Zurich (awp) - Les analystes financiers ont multiplié les avis quant à la voie à suivre par Credit Suisse vendredi, alors que l'action a poursuivi son chemin de croix à la Bourse suisse. Les incertitudes restent nombreuses, malgré l'emprunt de 50 milliards de francs suisses obtenu par la banque.

"La banque suisse a reçu hier matin une bouée de sauvetage de la part des régulateurs suisses, une tentative de calmer les investisseurs après des jours de turbulences dans le secteur bancaire qui ont alimenté les craintes d'une crise financière et économique plus large", a rappelé John Plassard de Mirabaud Banque.

La banque genevoise note aussi que Credit Suisse est désormais poursuivie par des actionnaires américains, qu'ils accusent de les avoir trompés.
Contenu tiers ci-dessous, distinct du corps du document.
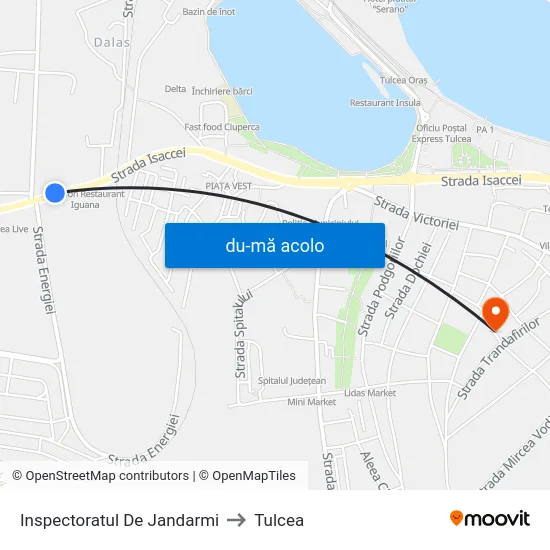 Harta de Inspectoratul De Jandarmi către Tulcea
KBW estime que si les liquidités devraient réduire la pression à court terme, la plupart des inquiétudes concernant le titre avant les récents événements restent valables, en particulier la faible rentabilité. Les analystes n'excluent pas de nouvelles déclarations de restructuration de la part de la direction, visant à simplifier davantage le numéro deux bancaire helvétique.

Parmi les forces de la banque aux deux voiles, LBBW Research souligne de son côté la banque universelle suisse à la fois stable et rentable mais aussi la forte position de marché dans la gestion de fortune mondiale. En revanche, les incertitudes restent élevées, notamment liées à la réduction de la banque d'affaires d'ici 2024, sans oublier les possibles répercussions des nombreux démêlés judiciaires.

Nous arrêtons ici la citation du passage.